What is the biggest sacrifice you’ve made in starting or running your business?

Sleep and socialization. Like Paula Pant said along the lines of, “You can afford anything, but not everything.” 

The future of the digital world might be ruled by blockchain and cryptocurrency. Do you think it would be challenging for all age groups to gain knowledge about the same? How can we educate them?

There’s a ton of onboarding projects and DAOs that focus on this, most notably Odyssey DAO, Curious Addys, Surge NFT, and more. Even Twitter threads are educating users to onboard into web3. From left to right, there are communities popping up to serve the next wave of learners. It will be challenging for all age groups to understand and learn, but it’s like learning how to use a new iPhone—it takes time and relevancy to get folks onboarded. My advice is to find communities that you feel safe in and can relate to—that’s why I myself reside and support many female lead communities in crypto. They break it down into bite-size pieces and host speaker panels; I see content being more transferred into relatable knowledge sharing. If it reads like a thesis, of course, people will be averse to it, but if we make it simple and analogous, everyone can learn. 

What do you think could be the future of NFT? How useful can they be for everyone?

Depends on how people want to use it.

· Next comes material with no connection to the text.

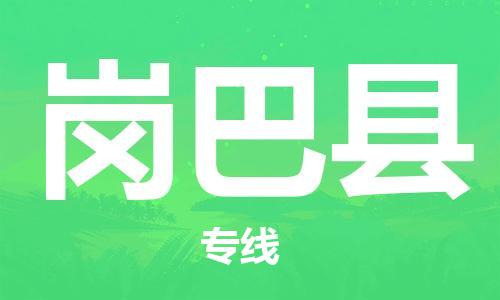 余姚市到岗巴县物流专线-余姚市物流到岗巴县(市/县-均可送达) 余姚市到岗巴县物流专线-余姚市物流到岗巴县(市/县-均可送达)
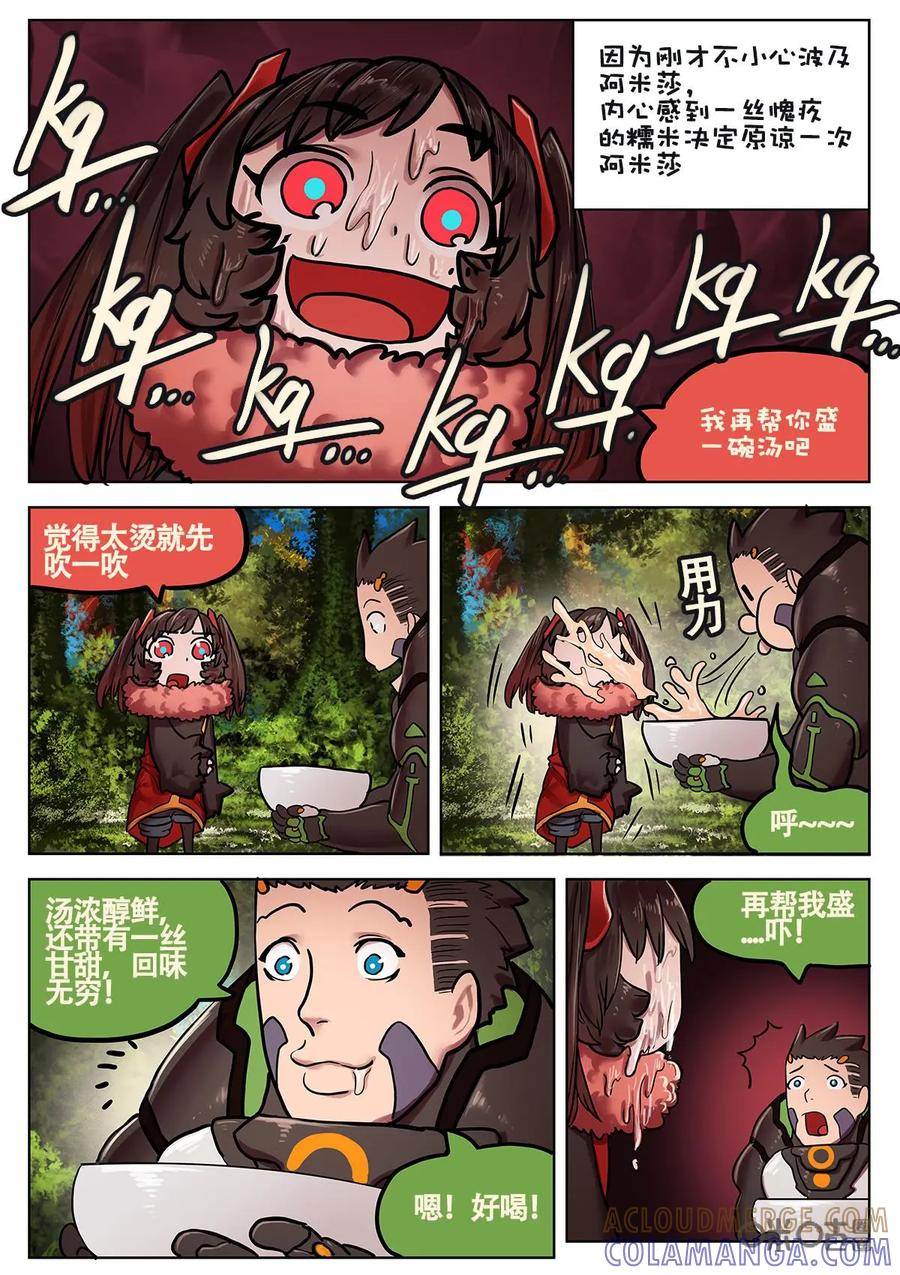 《食之旅》第25话：大力士糯米 第11页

Some can perceive it as rarities, mainly for the art itself like a collection. Some will use it as a lifetime membership to gain access to exclusive events, connections, and knowledge. Some will hold NFTs for the technology and the impactful change it can bring to their careers working in web3. I believe it’ll continue to evolve—I don’t think it’ll be hype, I think it’s here to stay. 

Do you think NFTs, which are open to virtual reality, could adversely impact our health due to increased screen time?

Yes and no. I’ve seen NFTs actually bring people out more to gather IRL events. Many NFT projects are hosting events around the world, facilitating connections for the first time. Maybe it’s from the isolation during the pandemic that people just want to meet in person. I will say that NFT projects have a tech stack that includes platforms like Twitter and Discord, meaning people are on their phones or laptop more to keep up with the web3 happenings. I know I’ve had more screen time, but it’s also because I’m building a project at the moment. 

What would you tell yourself ten to twenty years ago that you wish you knew then?

Trying to impress other people is a complete waste of time. Surround yourself with the people you look up to and that have the attributes that you want—ask for their guidance and mentorship while you can. 

Lastly, what do you think this world needs the most? 

Authenticity. We’re human—we need more of that.